Cette réaction initiale s’explique assez bien, selon Michael Santoli, chroniqueur senior à CNBC. Les investisseurs s’étaient positionnés de façon très défensive en détenant des quantités d’encaisse importantes ainsi que des positions de contrepartie servant à minimiser le risque. Dans ces conditions, un recul des cours se transforme rapidement en occasion d’achat. On avait observé un comportement semblable à la suite du résultat du vote sur le Brexit au Royaume-Uni en juin.
Avant le début de cette semaine, l’indice S&P 500 avait reculé durant neuf séances consécutives, rappelle Ron Meisels, président de Phases & Cycles, une firme de gestion de Montréal, et spécialiste de l’analyse technique. « Cela créait un sentiment très négatif et un état de survente important sur le marché », dit-il. Ce sont deux ingrédients qui favorisent un rebond des marchés, selon lui.
Dans l’immédiat, un impact négatif sur l’économie américaine n’est probablement pas à craindre, selon Francis Généreux, Économiste principal, Mouvement Desjardins. « Tel quel et nonobstant les effets immédiats de sa victoire sur les marchés ou sur la confiance, le programme de M. Trump pourrait amener une contribution positive à l’économie américaine à court terme », dit-il. Il reconnait toutefois que l’incertitude et les risques ont pris beaucoup d’ampleur.

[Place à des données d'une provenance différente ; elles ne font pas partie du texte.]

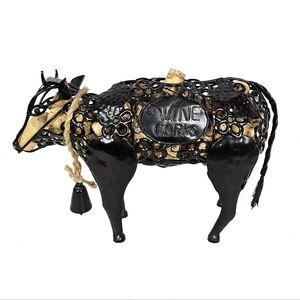 Cow Cork Holder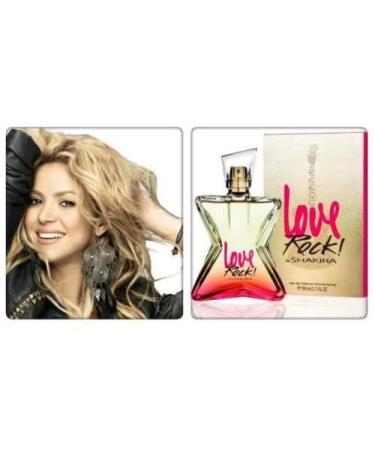 Shakira Love Rock 2.7 Edt Sp - Buy Online on GoSupps.com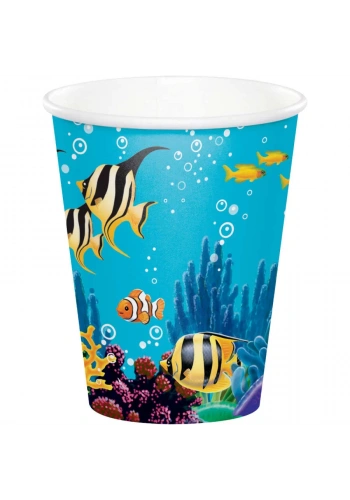 Okyanus Partisi Bardak 8 Adet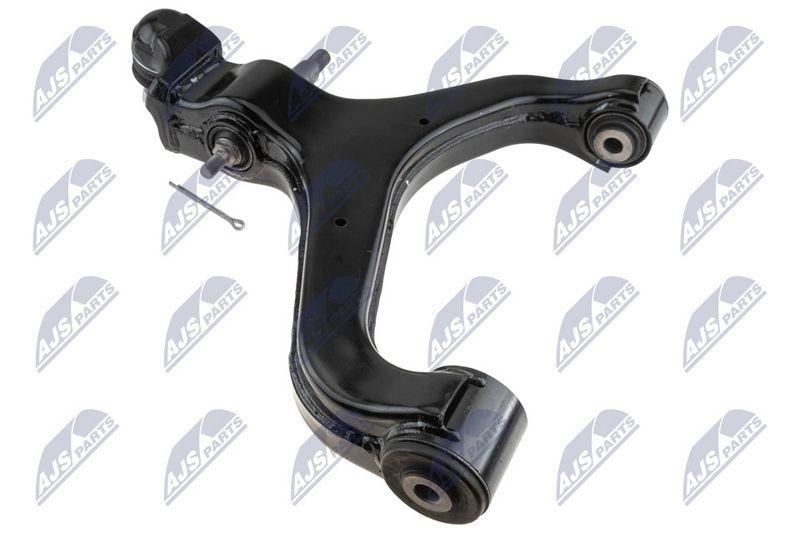Brat suspensie roata Ssangyong Actyon, Kyron 2005-; axa fata, partea inferioara, stanga, versiunea cu stift; 44501-09001; NTY, aftermarket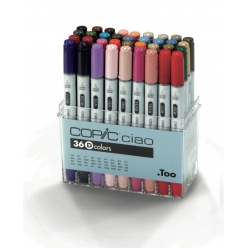 set copic ciao d  36 couleurs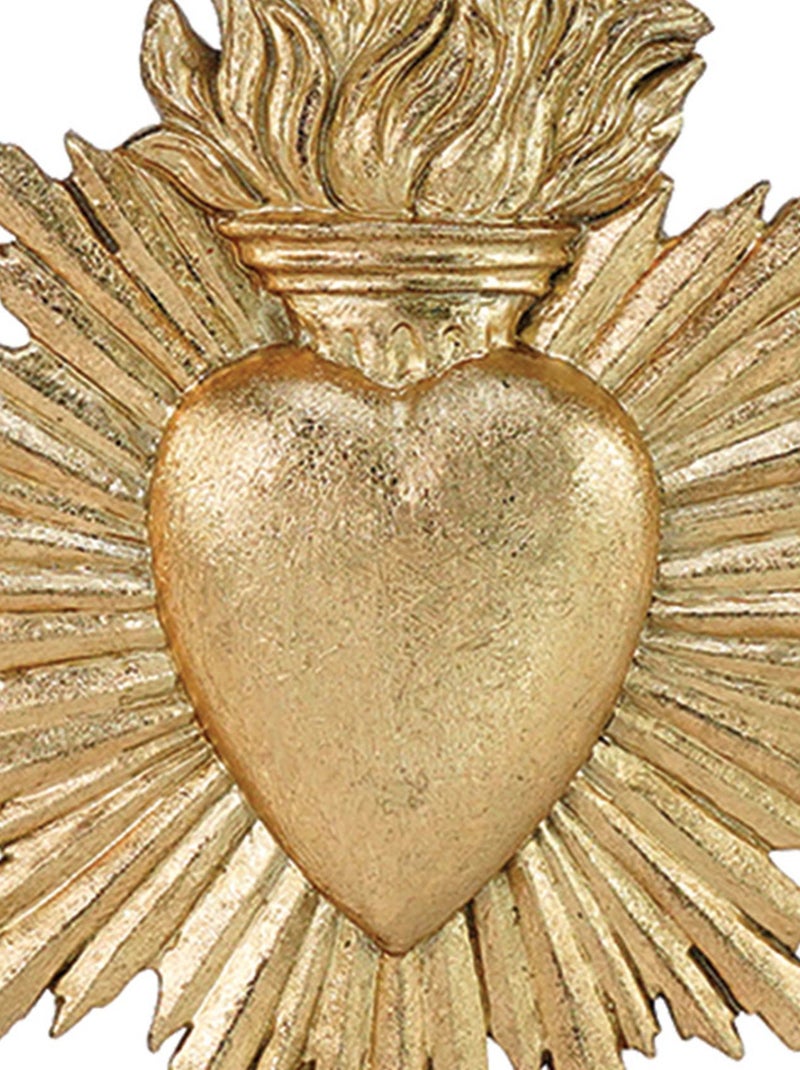 Decoração mural ex-voto de grandes dimensões Dourado/Ouro - Kiabi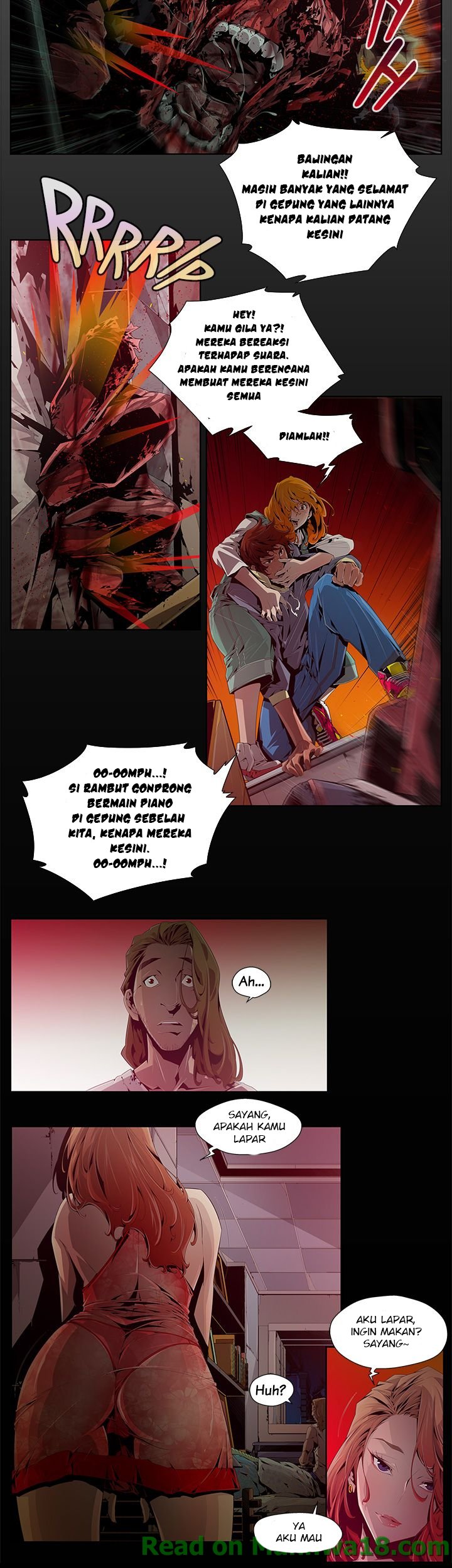 Land of the Dead - Chapter 1 8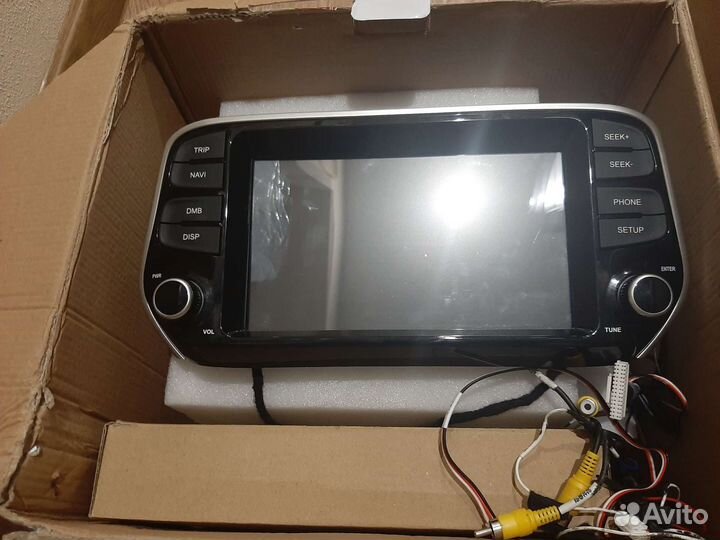 Мультимедиа для santa fe 4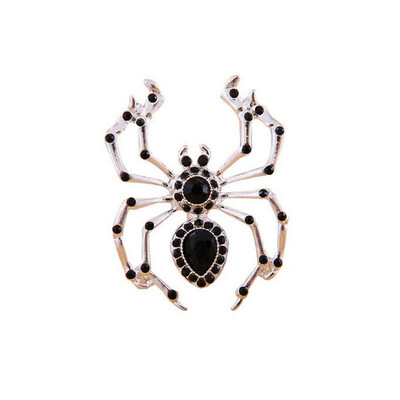 Yoursfs@ handmade Black Spider vintage brooch rhinestone brooches for women diy Fashion Jewelry breastpin brooch pins
Yoursfs@ handmade Black Spider vintage brooch rhinestone brooches for women diy Fashion Jewelry breastpin brooch pins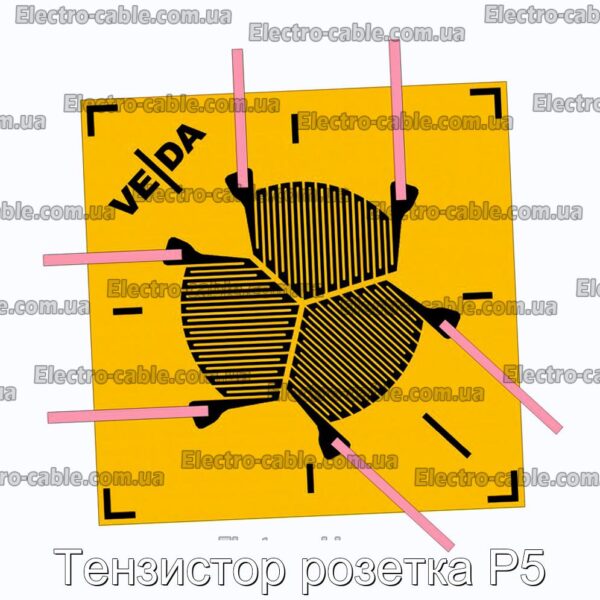 Тензистор розетка Р5 - фотография № 1.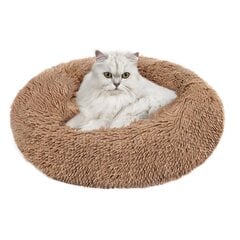 LIVMAN H-32 круглая подушка-пончик для домашних животных (кошек и собак) до 3кг цена и информация | Лежаки, домики | pigu.lt
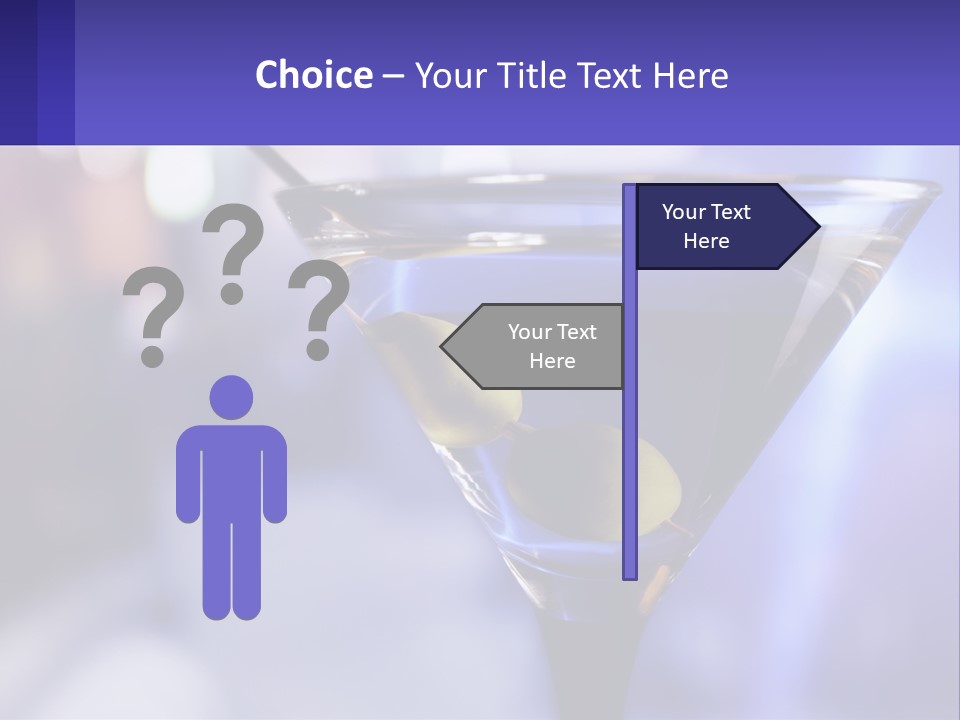 Sea Daughter Sunset PowerPoint Template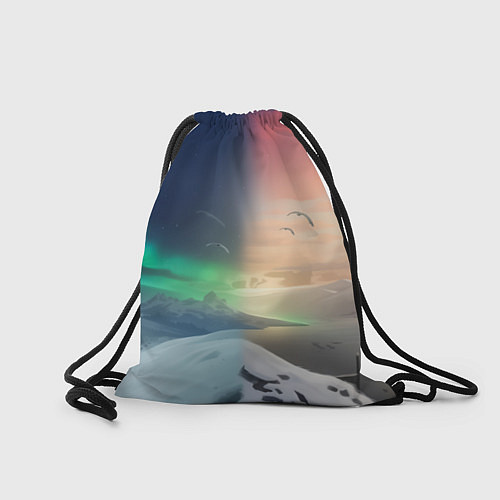 Мешок для обуви Hearts of Iron IV arms against tyranny / 3D-принт – фото 2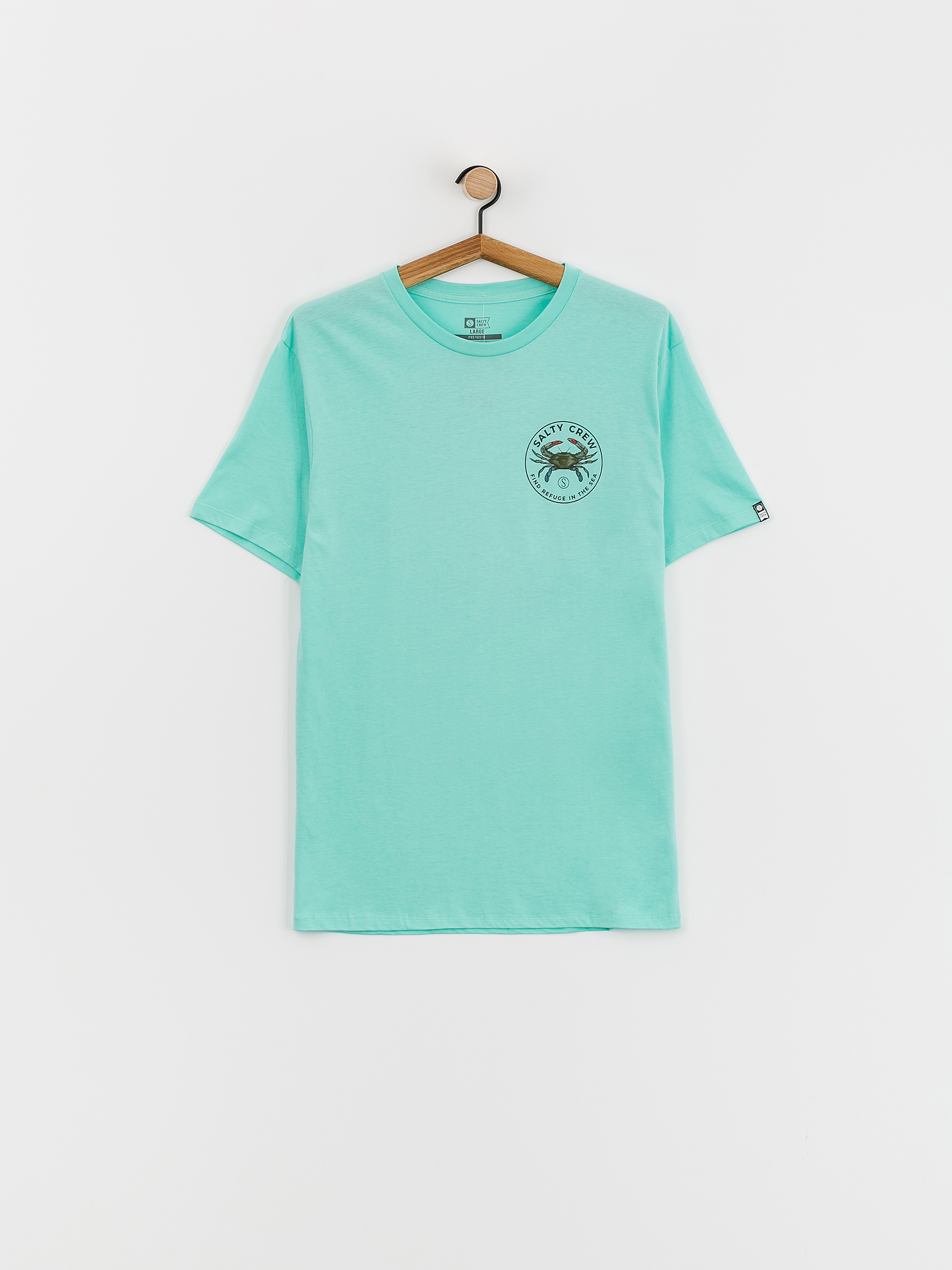 T-shirt Salty Crew Blue Crabber Premium (sea foam)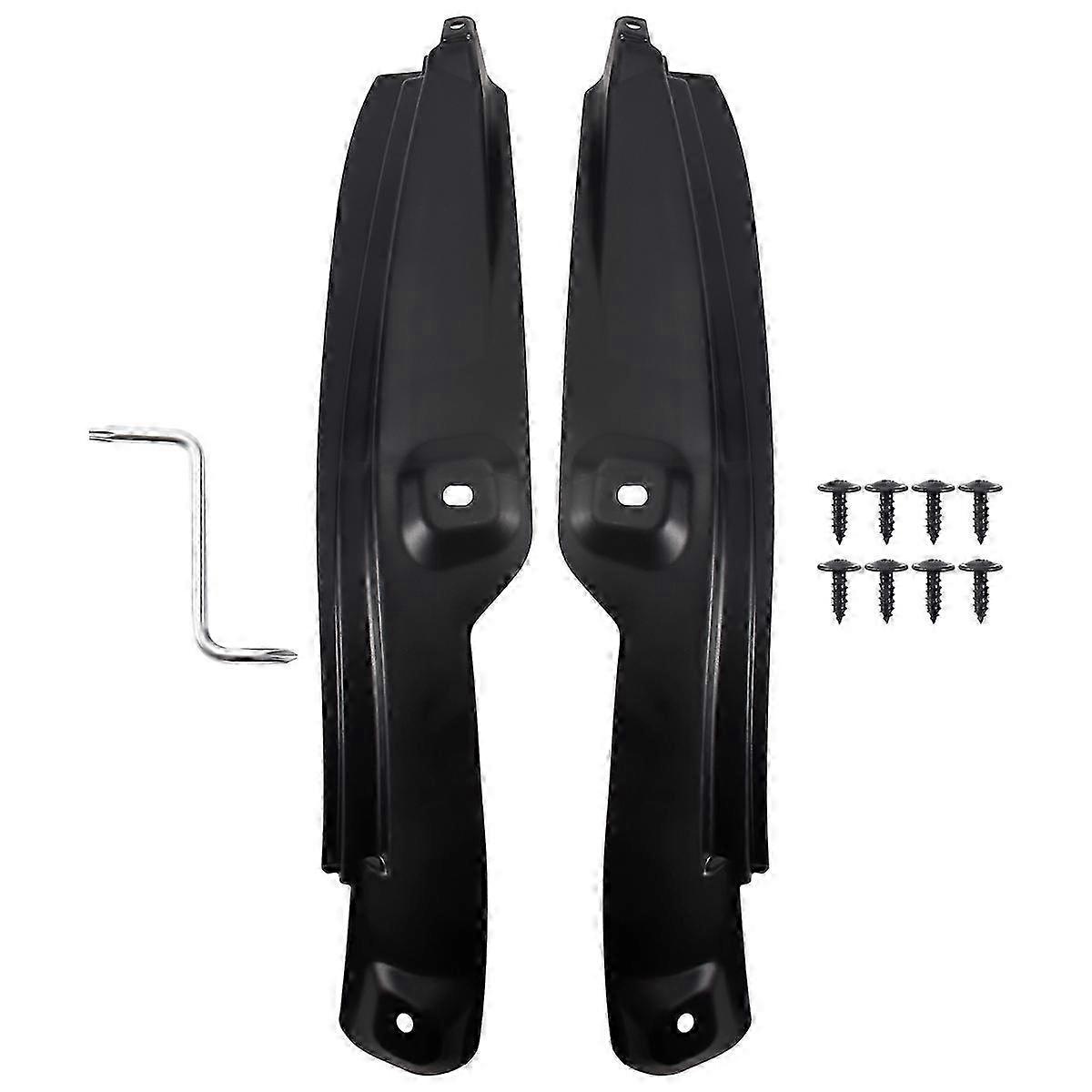 Rear Wheel Mudguards Set of 2 for SUV Models 2017-2021 Anti-Dirt Protection Fs
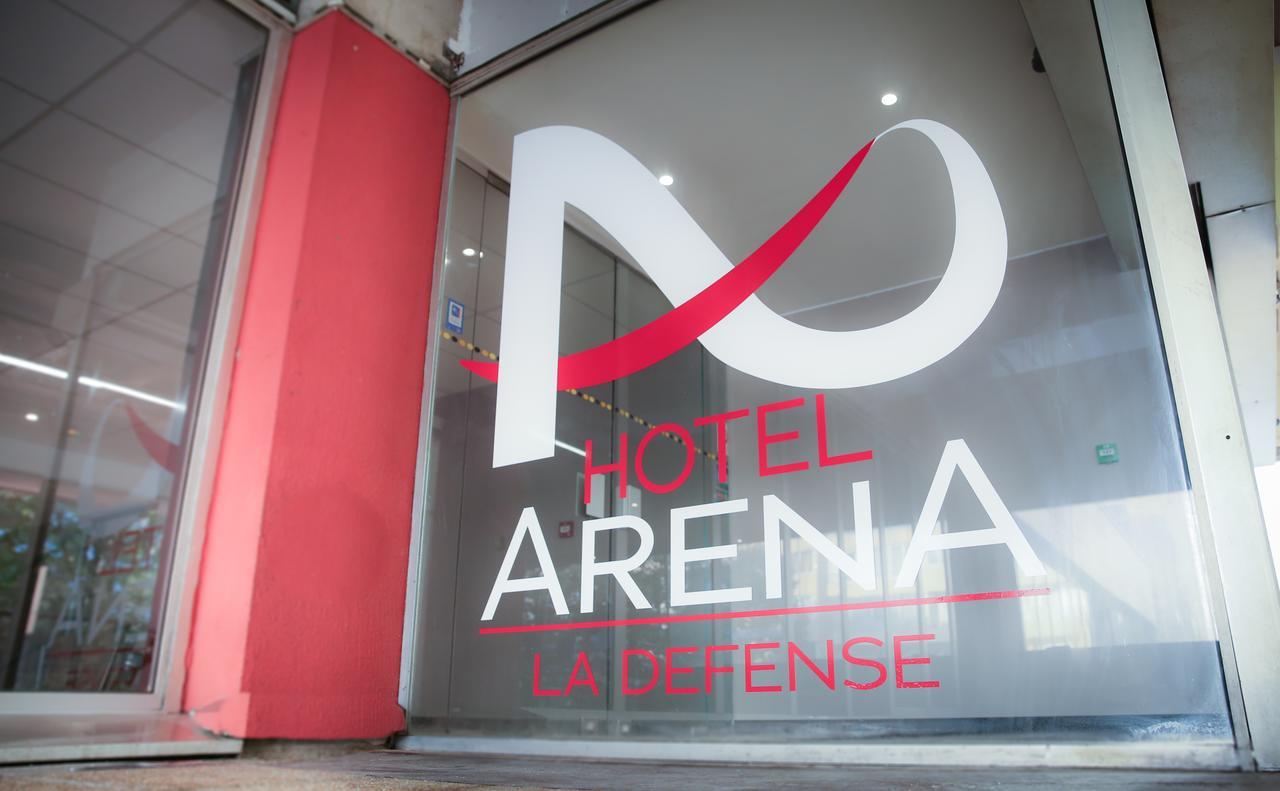 Arena Hotel La Defense Nanterre Buitenkant foto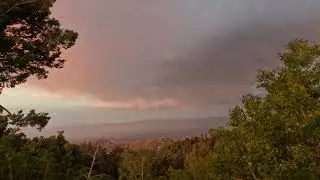 Mount Lemmon Time Lapse 09 June 2022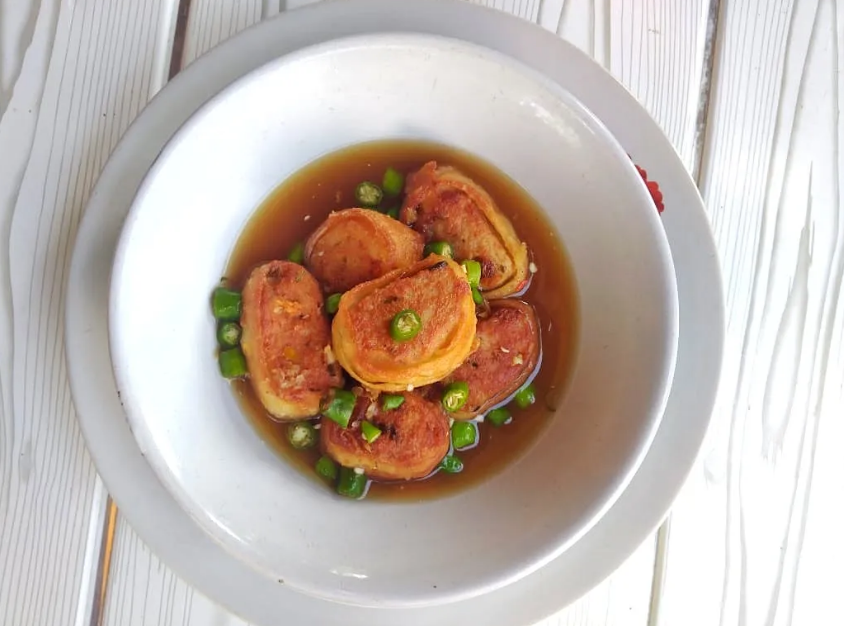Resep gohyong (Dok. Cookpad)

Ron Meisels n’exclut pas la possibilité d’un recul au cours des prochains jours. Mais il maintient que le marché boursier s’apprête à entreprendre une nouvelle jambe haussière, la dernière du bull market amorcé en 2009 à la suite de la crise financière, et qui pourrait en surprendre plus d’un par sa vigueur.
D’origine hongroise, Ron Meisels se rappelle le dicton utilisé par les gens de ce pays où l’histoire politique amenait souvent au pouvoir des gens sévèrement critiqués et conspués par l’élite : « This too shall pass », disait le vieil adage dont on retrouve les origines dans la bible. Par là on suggérait qu’éventuellement, ils seront remplacés et que tout rentrera dans l’ordre.